Monday, 1 June 2015

Blue by Pat Grant Review


Pat Grant’s Blue sees an Aussie man reminiscing on his adolescence – before THEY came. The aliens (a stand-in for immigrants) who took over the white population and brought their own culture with them – how this Aussie oik hates multi-culturalism and racial diversity! He also recounts the time he and his two friends “wagged” (skipped) school to go look at some poor bastard that got run over by a train. So it’s basically Stephen King’s The Body with a smattering of District 9.

That’s not to say it’s a derivative comic because Grant tells his story in an artful way. Blue’s narration is a thoughtful means of discussing the immigration and race problems prevalent in Australian society and the economic decline of Australian industry. And while our narrator is a right-wing bigot, Grant never makes him seem less human for his beliefs and doesn’t get polemical about how we should see him.

Except it’s not a very deep examination of these complex issues. Grant presents us with these kids who’re wary of immigrants and anyone different, we see the racism prevalent in white society, noting the contradictions that the whites were once immigrants to Oz, but what are we to make of it? Grant is really only pointing them out and, with his high level of subtlety, not leaving much of an impression on the reader. Xenophobia and racism are bad – agreed. And? The treatment feels very shallow and superficial.

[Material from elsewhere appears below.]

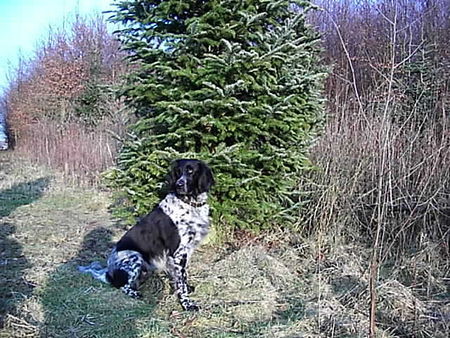 Grosser Münsterländer Hunde Foto 29763 in höherer Auflösung ansehen Grosser Münsterländer unsere Josy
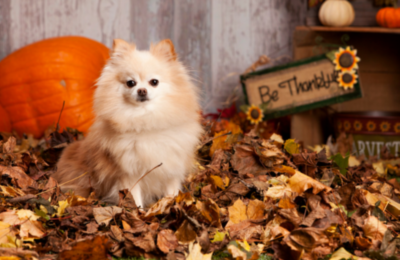 Pomeranian in a pile of leaves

The story is meandering, like a lot of slice-of-life stories, and isn’t very compelling. Three kids skipping school to walk the train tracks and eventually stare at a dead body isn’t that great a story even if that’s not the point of the book, and it’s doubly uninteresting for anyone who’s read King’s The Body or seen Stand By Me.

The art style is very attractive – it’s neat, imaginative and cartoony but realistic and expressive when it needs to be. It’s very skilful and detailed and I enjoyed the use of only a few colours to give it its own look. The alien zaniness mixed in with the everyday reminded me of Kim Deitch’s work with moments of Jim Woodring’s kerazy style. The background presence of waves feels like an homage to Hokusai’s celebrated 19th century woodcuts which I especially enjoyed being a fan of Hokusai.

Though Grant’s able to weave in many layers to Blue, the effect is not very powerful. It portrays a declining side to Australian life well and maybe that’s the point, but that doesn’t make for a particularly interesting read. Blue is oftentimes quite boring and repetitive and I doubt it’ll stay with me.